Now your code is called. In the Push Model diagram, the code is shown as 3 boxes Button 1 Code, Button 2 Code, Button 3 Code.

If you look at the diagram with the classes you write, then you'll get a better idea of where this code is in your project. One of those green rectangles labeled with "Callback" is executed. Once you are finished doing whatever it is you need to do when the button is clicked, your function returns. When your function returned, the "GUI Dispatcher" takes over running again, waiting around for the next thing to happen.

"Callbacks" Can Be Confusing


Some programmers have no problem with their code being strewn all over the place. They're able to keep it in their heads, write their code in a specific way, organize their files in a way that adds some order to the chaos. This kind of a architecture is sometimes called "Event Driven".

The requirement to write classes for these various widgets or the application and placing callbacks inside them is one of the reasons beginners struggle to get over that GUI bar. Writing Python classes is not generally covered until the end of a course. It's not beginner stuff.

Widgets Manipulating Widgets

If classes and callbacks don't explode your head, let's toss in one more challenge. What if your button wants to do something to your slider? Maybe your button disables your slider. Now your button class needs to know something about your slider class.


The PySimpleGUI Message Passing Architecture (Pull Model)

Before going through the PySimpleGUI architecture, let's look at one of Python's Standard Library constructs, the Queue. With a Python Queue, some message "arrives" and when it does, it's added to the end of the queue.

In the User's Code, the queue is "read", by calling the queue's get() method. The code would look something like this.

from queue import Queue

q = Queue()
item = q.get()

Don't worry about there being nothing added to the queue. The point is that the user asks for an item from the queue. The user calls get() and if there's an item in the queue, the item is returned.


You can think of the PySimpleGUI interface in exactly the same way. Your user code asks for an event. You are "pulling" items to processing out of the PySimpleGUI library. Contrast this to the "Callback" architecture where your code is directly called when an event happens.

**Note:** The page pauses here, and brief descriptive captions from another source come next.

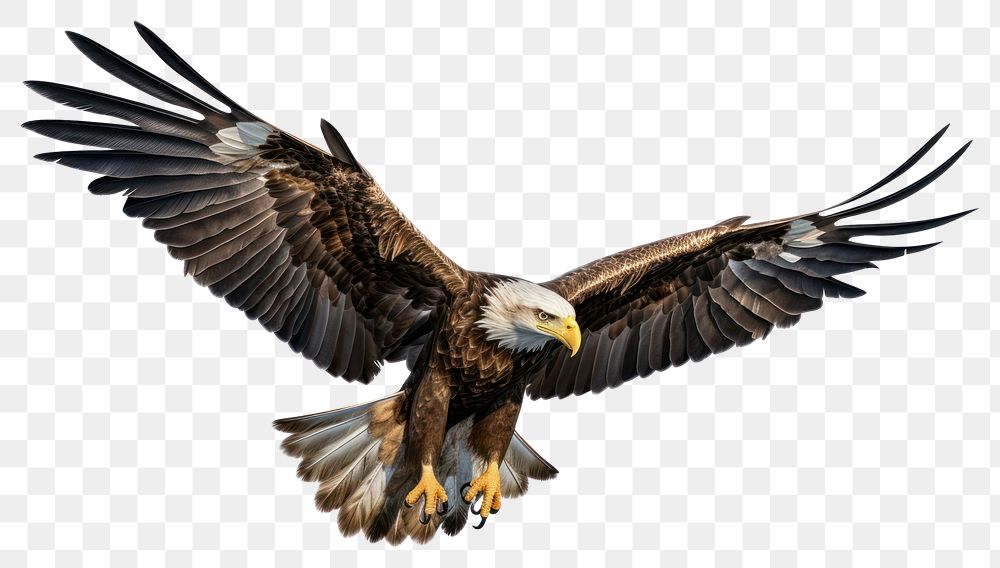 PNG Eagle animal flying bird. AI generated Image by rawpixel.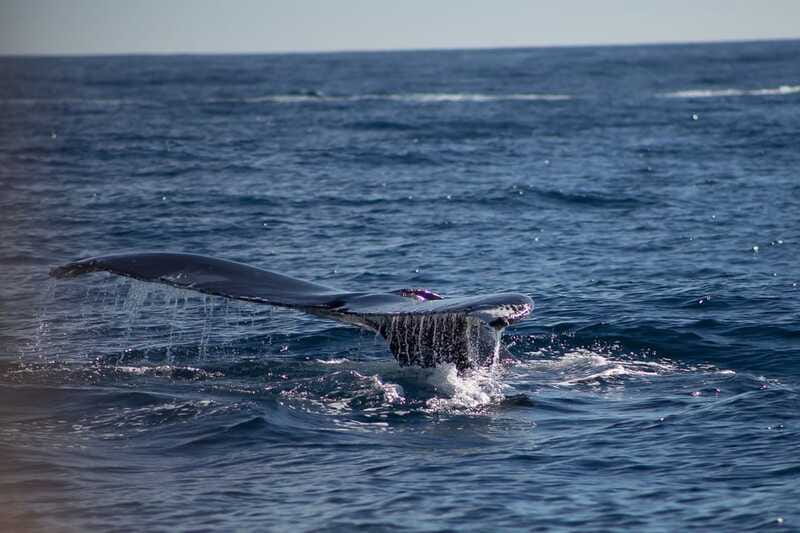 Cabo San Lucas: Whale Watching Breakfast Cruise - Breakfast begins early, not as an afterthought
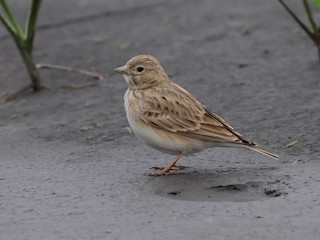  - Asian Short-toed Lark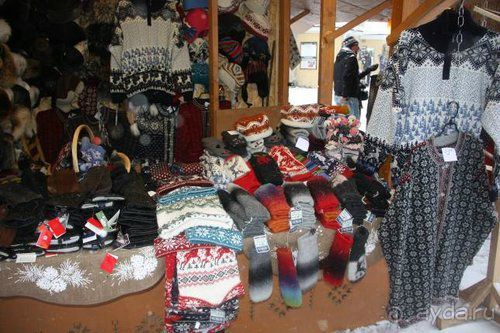 Олени, хаски и Полярный круг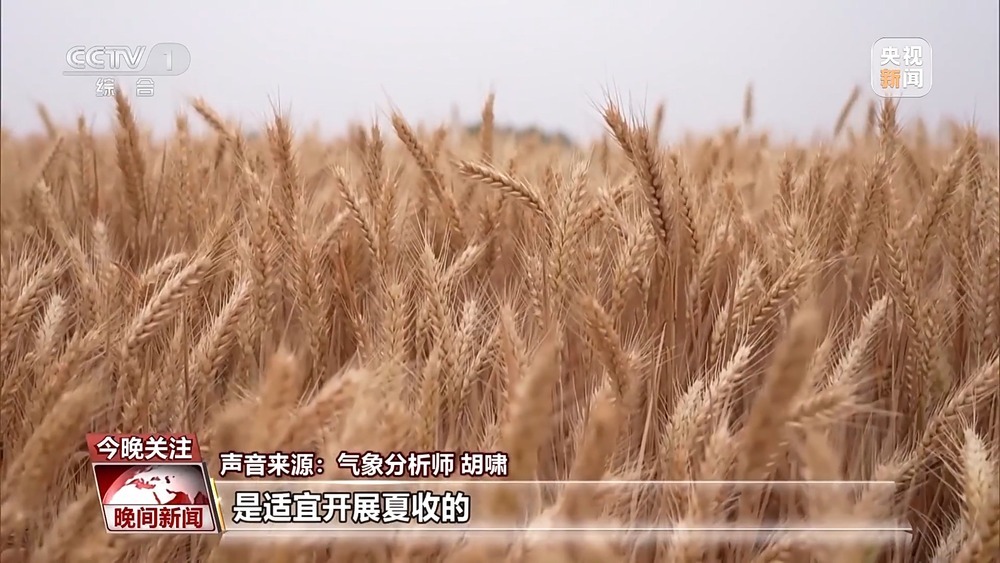 今夏各大麦区是否会遭遇“烂场雨”？该如何防范？一文了解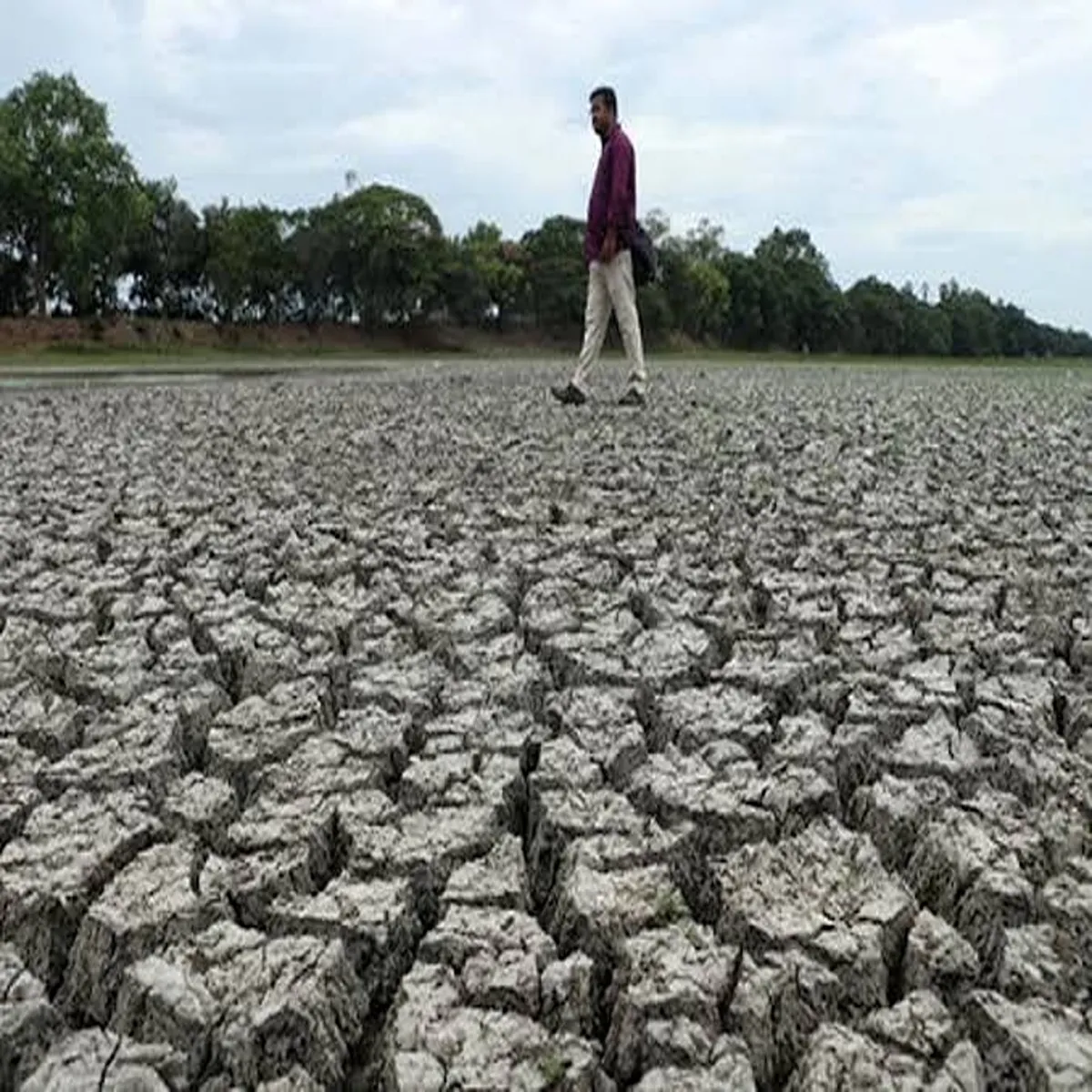 Nino study examines cloud brightening reduce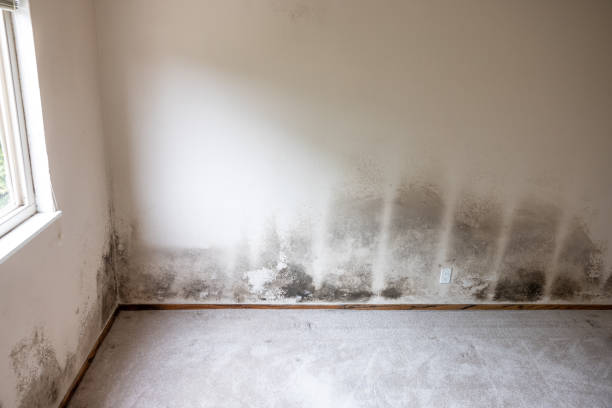 Milltown, NJ Mold Removal Company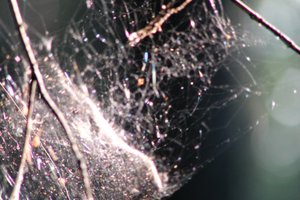 DSCF1230.JPG
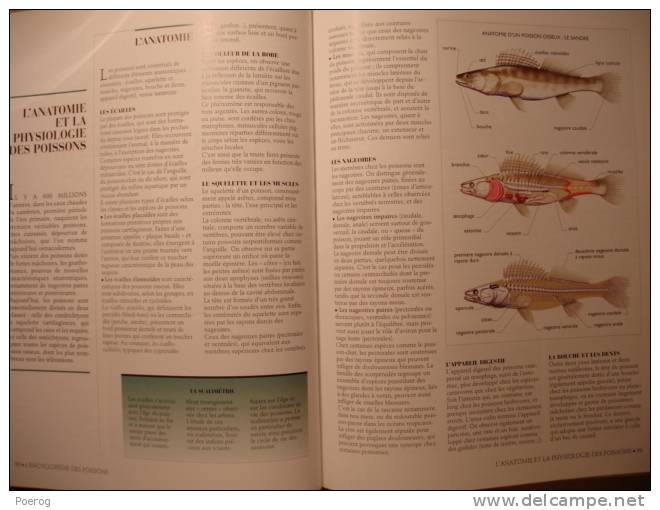 ENCYCLOPEDIE ACTIVE LAROUSSE - LA PECHE EN EAU DOUCE EN MER - 2002 - GRAND FORMAT 22cm X 29cm - Nombreuses Illustrations - Encyclopaedia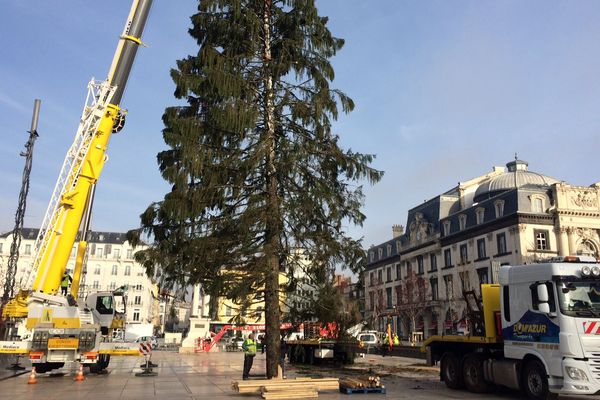 Le sapin de Nöel dressé place de Jaude, à Clermont-Ferrand, mesure 30 mètres et pèse 5 tonnes. 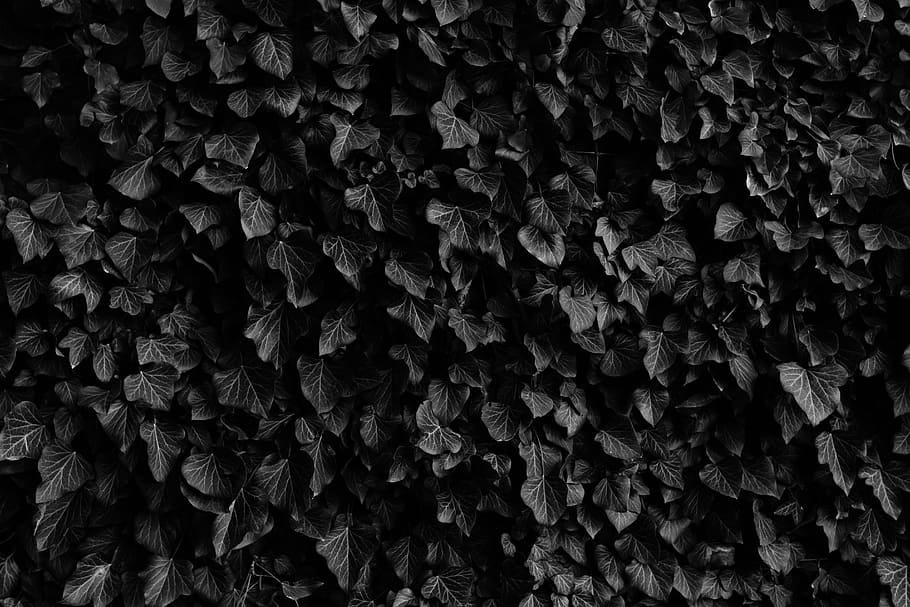 foto em escala de cinza, plantas, folhas, veias, jardim, preto, branco, preto e branco, monocromático, planos de fundo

In Computer Science, this type of interface is sometimes call "Message Passing". Instead of your code being directly invoked (called) you get a message passed to you by asking for one.

Asking For Events

Recall in the previous section that the code to get an event in PySimpleGUI is:

event, values = window.read()

Your call to window.read() is asking PySimpleGUI for the next event for you to process.

Event Loops

If you are going to keep reading events until the window is closed, then you put your window.read() call into a while loop:

while True:
    event, values = window.read()

This loop in PySimpleGUI is called the "Event Loop". The benefit to structuring code like this is that your processing of the events can be done linearly. Instead of small functions being scatters throughout your project, you've got your code that handles the events all in 1 place, and in a nice straight linear piece of code. For most people, this linear format is an easier way to visualize the problem than the distributed callback model.